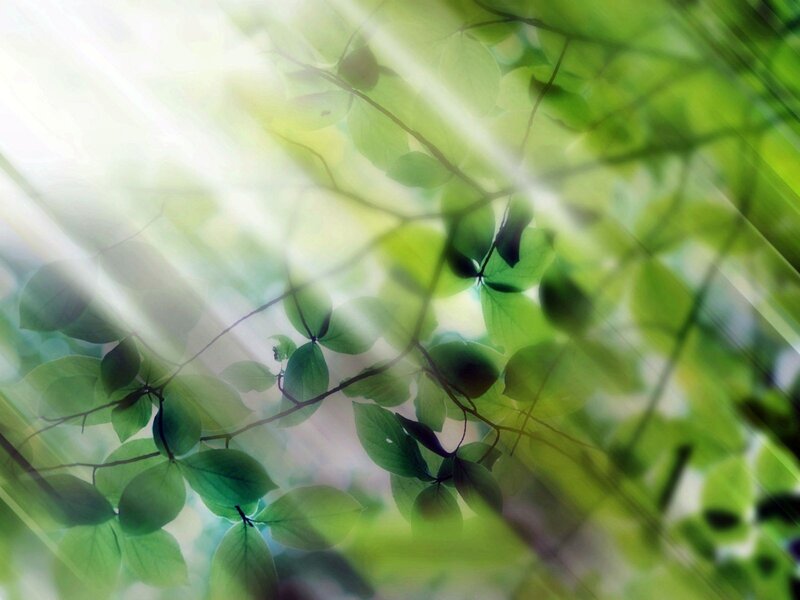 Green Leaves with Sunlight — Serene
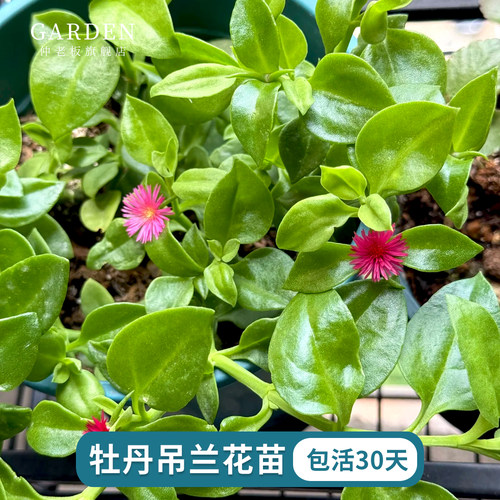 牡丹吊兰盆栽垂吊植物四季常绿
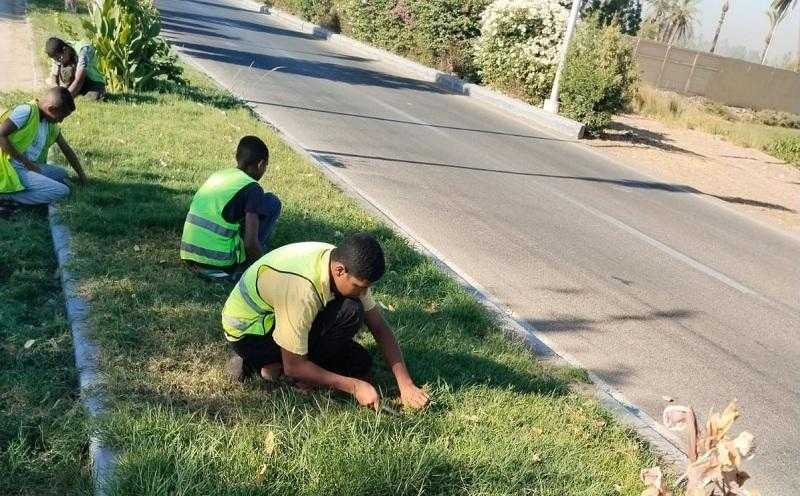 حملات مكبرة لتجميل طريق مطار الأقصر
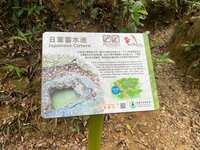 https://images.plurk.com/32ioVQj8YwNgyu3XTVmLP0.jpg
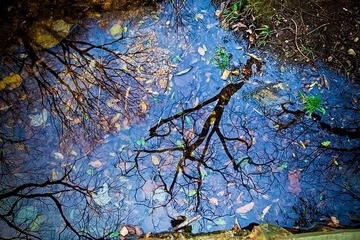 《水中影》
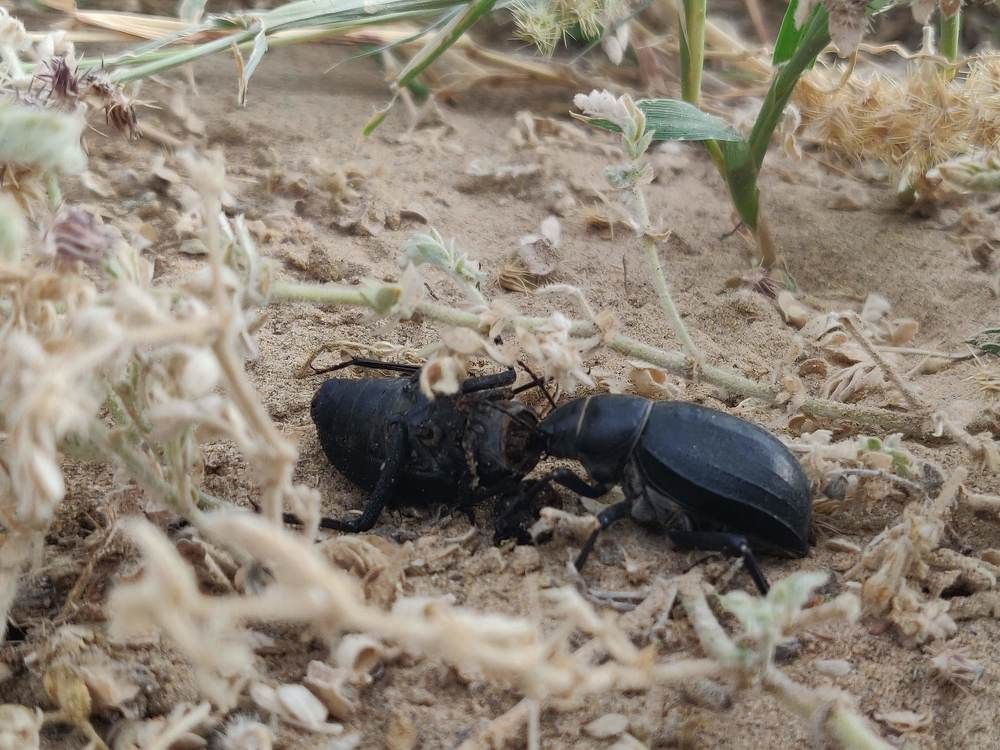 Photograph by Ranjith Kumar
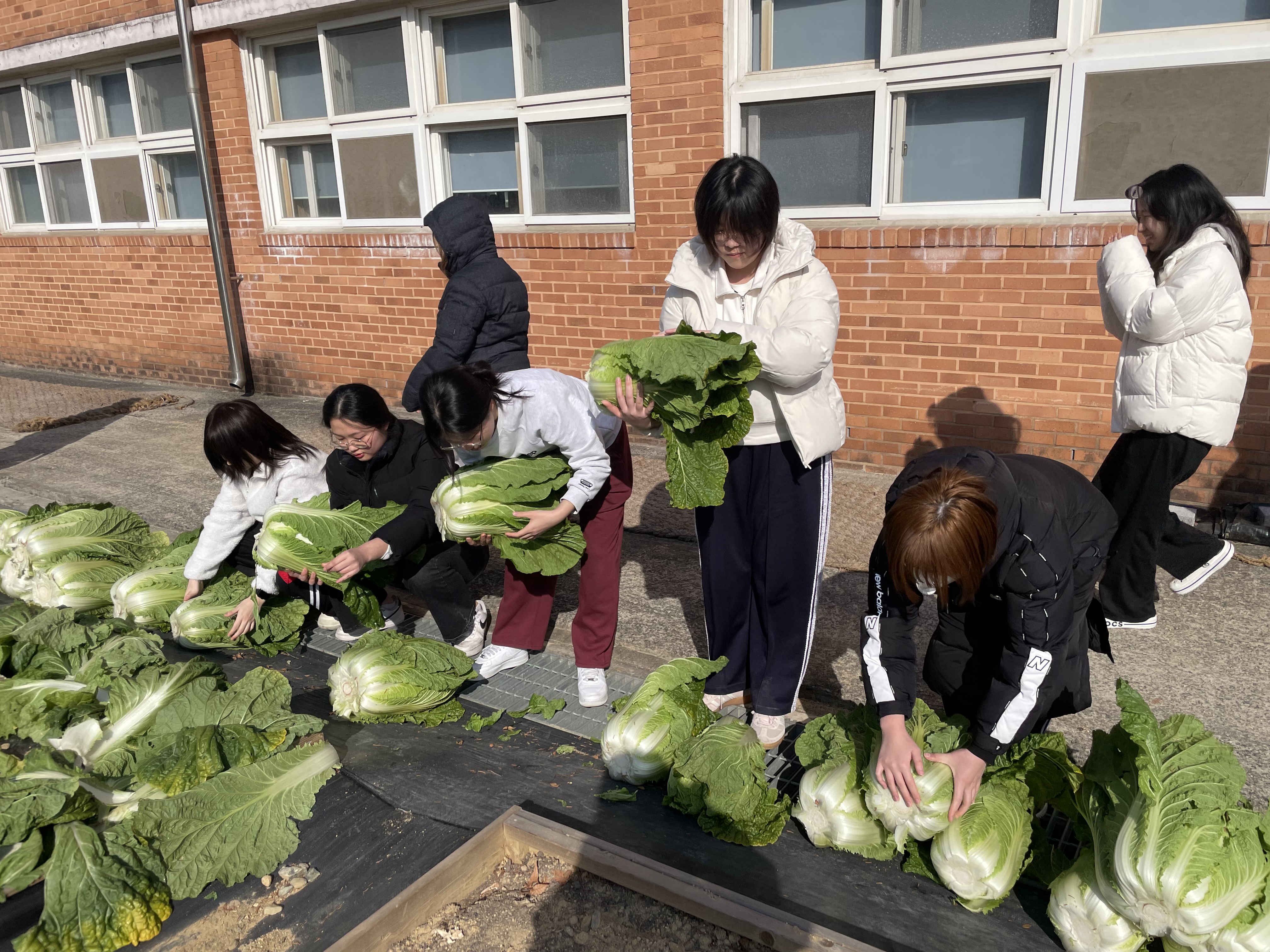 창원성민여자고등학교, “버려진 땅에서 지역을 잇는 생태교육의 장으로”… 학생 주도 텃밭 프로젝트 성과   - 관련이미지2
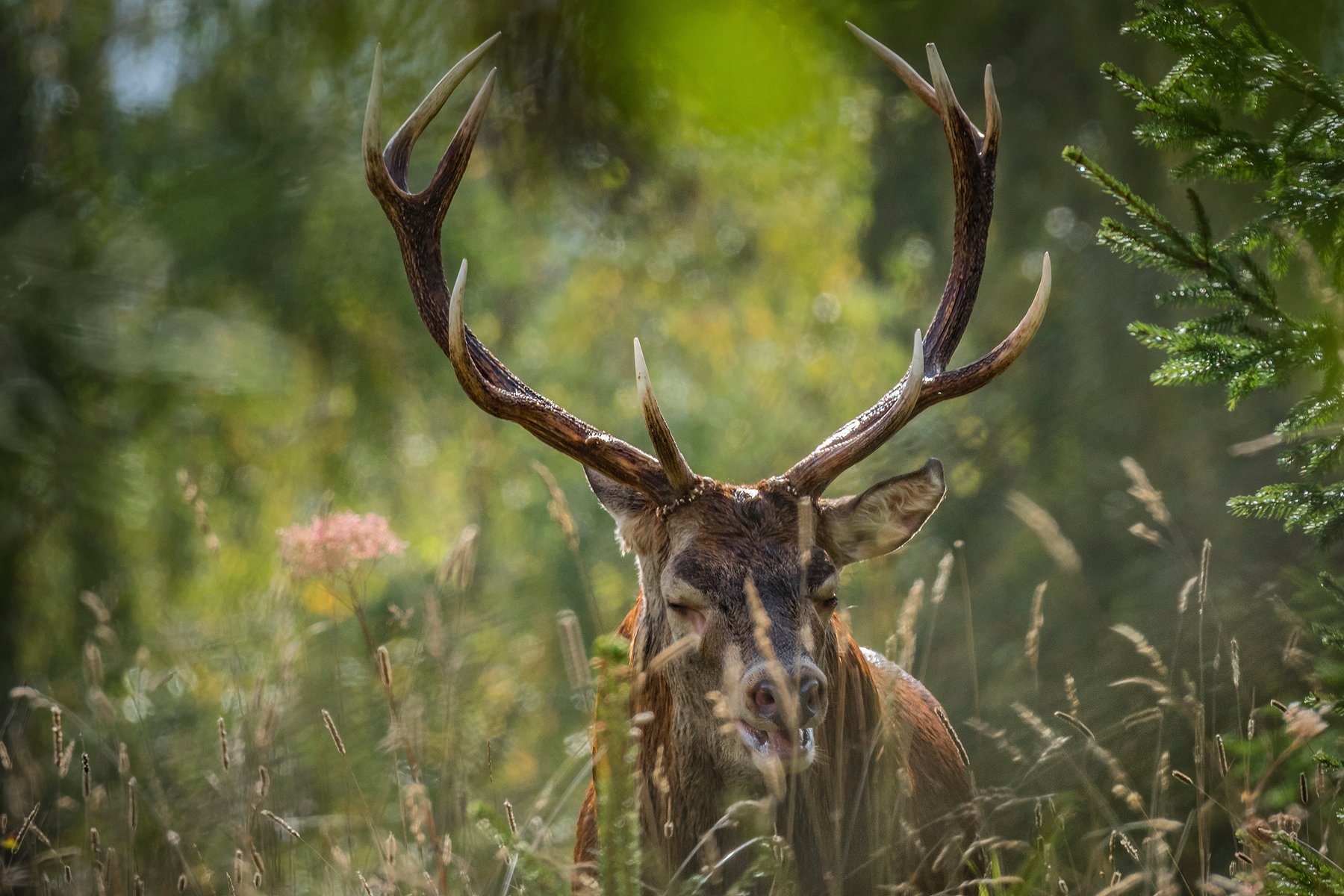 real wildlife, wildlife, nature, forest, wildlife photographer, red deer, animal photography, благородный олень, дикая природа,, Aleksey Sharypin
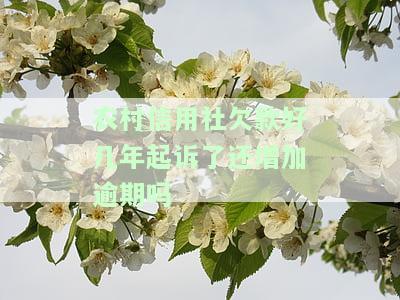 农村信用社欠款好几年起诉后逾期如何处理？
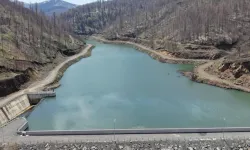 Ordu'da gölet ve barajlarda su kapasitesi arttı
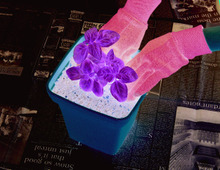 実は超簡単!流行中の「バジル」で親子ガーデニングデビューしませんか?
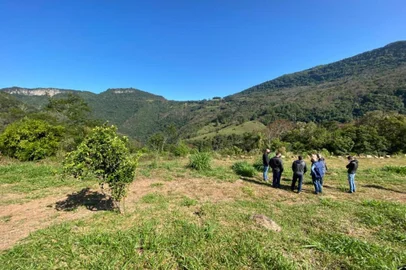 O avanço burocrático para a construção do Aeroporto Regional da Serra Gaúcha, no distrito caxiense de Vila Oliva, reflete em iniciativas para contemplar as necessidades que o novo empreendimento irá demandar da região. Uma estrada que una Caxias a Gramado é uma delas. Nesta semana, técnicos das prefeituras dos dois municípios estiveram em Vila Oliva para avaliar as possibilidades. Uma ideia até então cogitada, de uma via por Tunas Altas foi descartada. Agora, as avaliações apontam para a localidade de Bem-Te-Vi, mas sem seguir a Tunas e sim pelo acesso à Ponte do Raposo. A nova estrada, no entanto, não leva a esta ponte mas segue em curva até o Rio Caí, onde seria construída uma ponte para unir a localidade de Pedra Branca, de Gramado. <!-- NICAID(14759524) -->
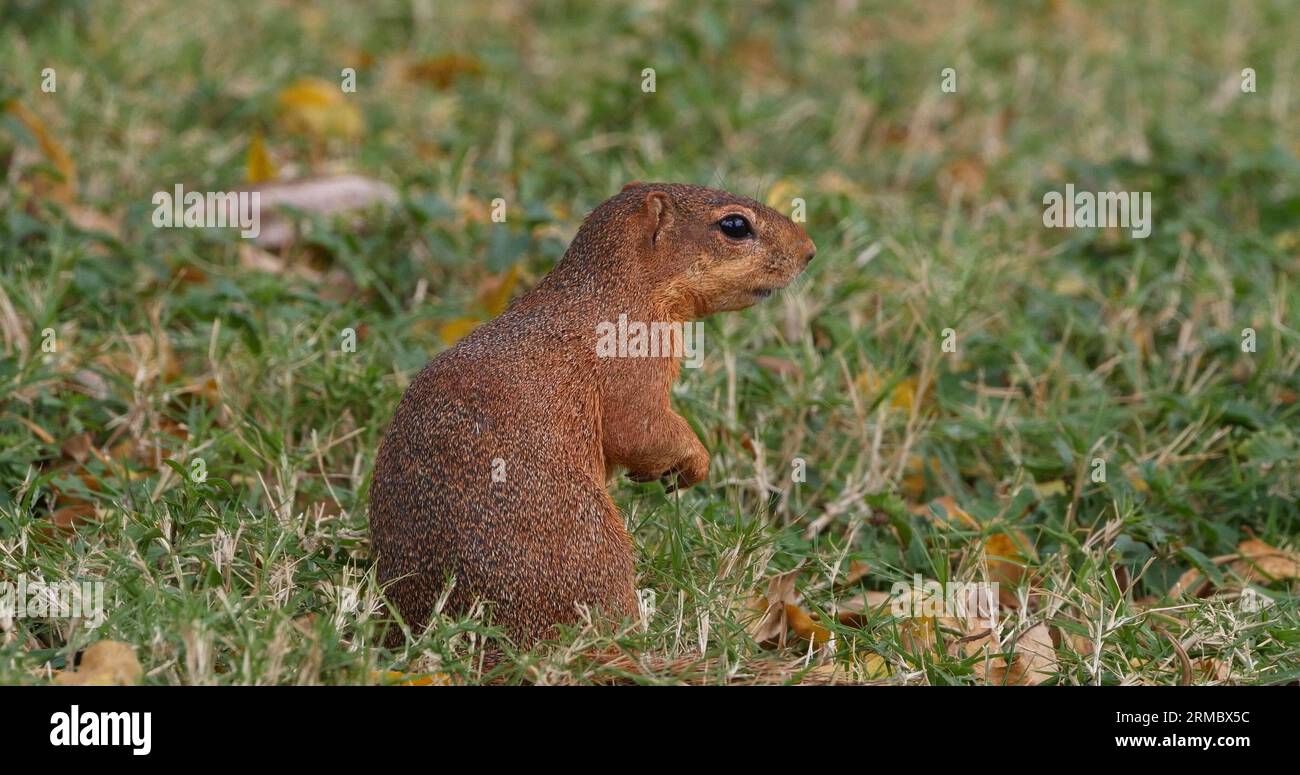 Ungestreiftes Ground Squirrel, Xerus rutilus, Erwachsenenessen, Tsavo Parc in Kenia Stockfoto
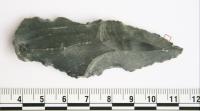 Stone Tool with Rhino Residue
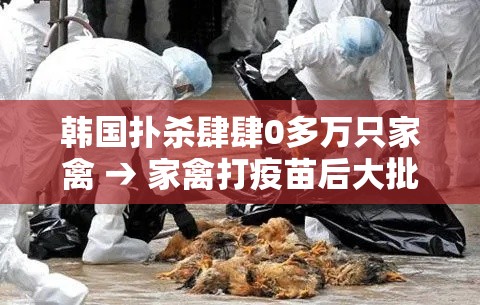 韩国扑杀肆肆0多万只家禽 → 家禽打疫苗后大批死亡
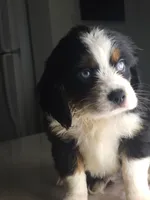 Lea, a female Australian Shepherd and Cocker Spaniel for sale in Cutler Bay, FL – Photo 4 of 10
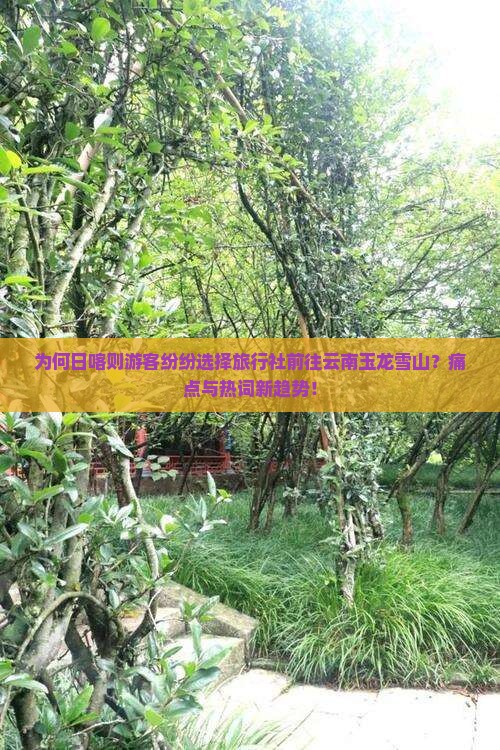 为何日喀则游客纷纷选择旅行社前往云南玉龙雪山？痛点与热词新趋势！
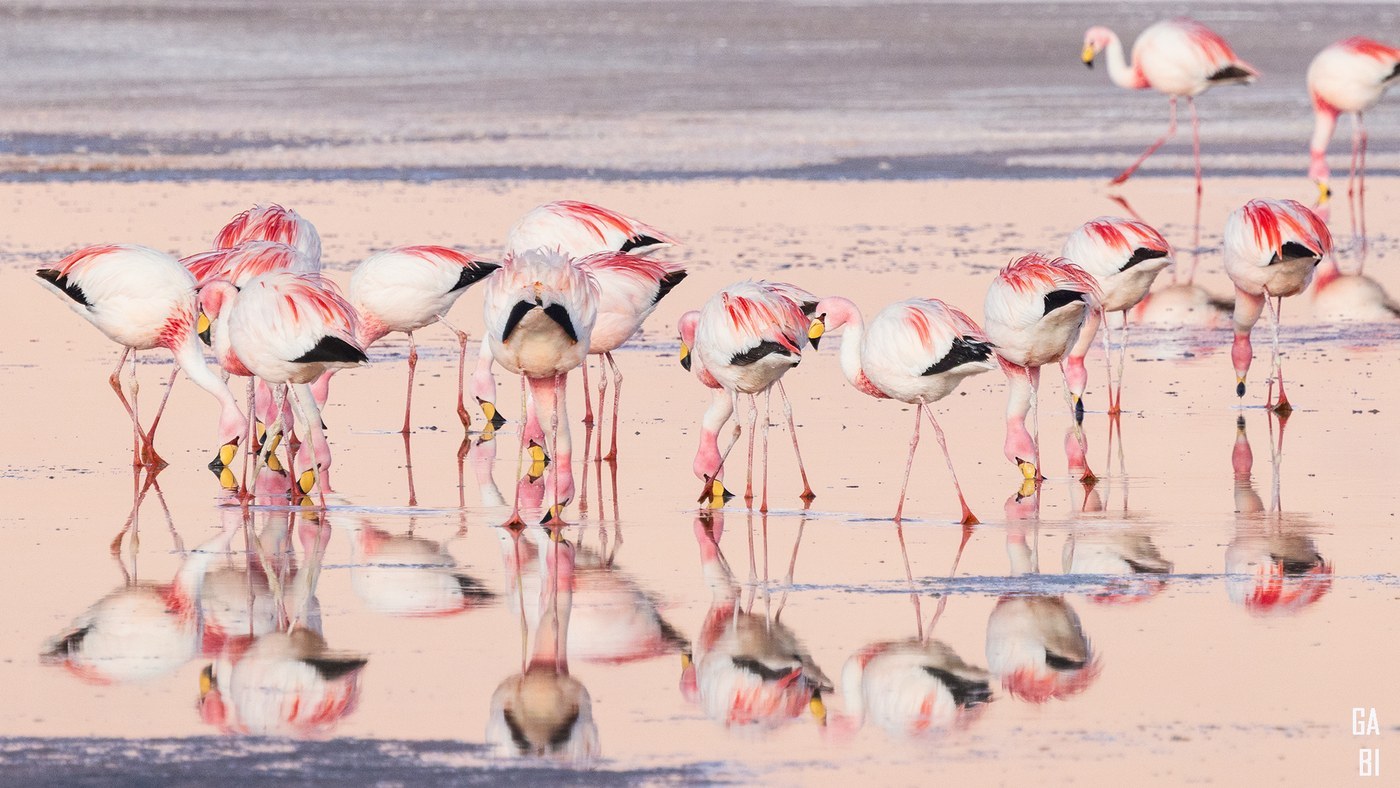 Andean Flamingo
•••••
## [PROBLEM TO WORK ON]
Once the pictures are set aside, retype the rest of the listing exactly.

## [RESULT OF THE EXERCISE]
 Green Leaves with Sunlight — Serene
 牡丹吊兰盆栽垂吊植物四季常绿
 حملات مكبرة لتجميل طريق مطار الأقصر
 https://images.plurk.com/32ioVQj8YwNgyu3XTVmLP0.jpg
 《水中影》
 Photograph by Ranjith Kumar
 창원성민여자고등학교, “버려진 땅에서 지역을 잇는 생태교육의 장으로”… 학생 주도 텃밭 프로젝트 성과   - 관련이미지2
 real wildlife, wildlife, nature, forest, wildlife photographer, red deer, animal photography, благородный олень, дикая природа,, Aleksey Sharypin
 农村信用社欠款好几年起诉后逾期如何处理？
 Ordu'da gölet ve barajlarda su kapasitesi arttı
 実は超簡単!流行中の「バジル」で親子ガーデニングデビューしませんか?
 O avanço burocrático para a construção do Aeroporto Regional da Serra Gaúcha, no distrito caxiense de Vila Oliva, reflete em iniciativas para contemplar as necessidades que o novo empreendimento irá demandar da região. Uma estrada que una Caxias a Gramado é uma delas. Nesta semana, técnicos das prefeituras dos dois municípios estiveram em Vila Oliva para avaliar as possibilidades. Uma ideia até então cogitada, de uma via por Tunas Altas foi descartada. Agora, as avaliações apontam para a localidade de Bem-Te-Vi, mas sem seguir a Tunas e sim pelo acesso à Ponte do Raposo. A nova estrada, no entanto, não leva a esta ponte mas segue em curva até o Rio Caí, onde seria construída uma ponte para unir a localidade de Pedra Branca, de Gramado. <!-- NICAID(14759524) -->
 Ungestreiftes Ground Squirrel, Xerus rutilus, Erwachsenenessen, Tsavo Parc in Kenia Stockfoto
 Stone Tool with Rhino Residue
 韩国扑杀肆肆0多万只家禽 → 家禽打疫苗后大批死亡
 Lea, a female Australian Shepherd and Cocker Spaniel for sale in Cutler Bay, FL – Photo 4 of 10
 为何日喀则游客纷纷选择旅行社前往云南玉龙雪山？痛点与热词新趋势！
 Andean Flamingo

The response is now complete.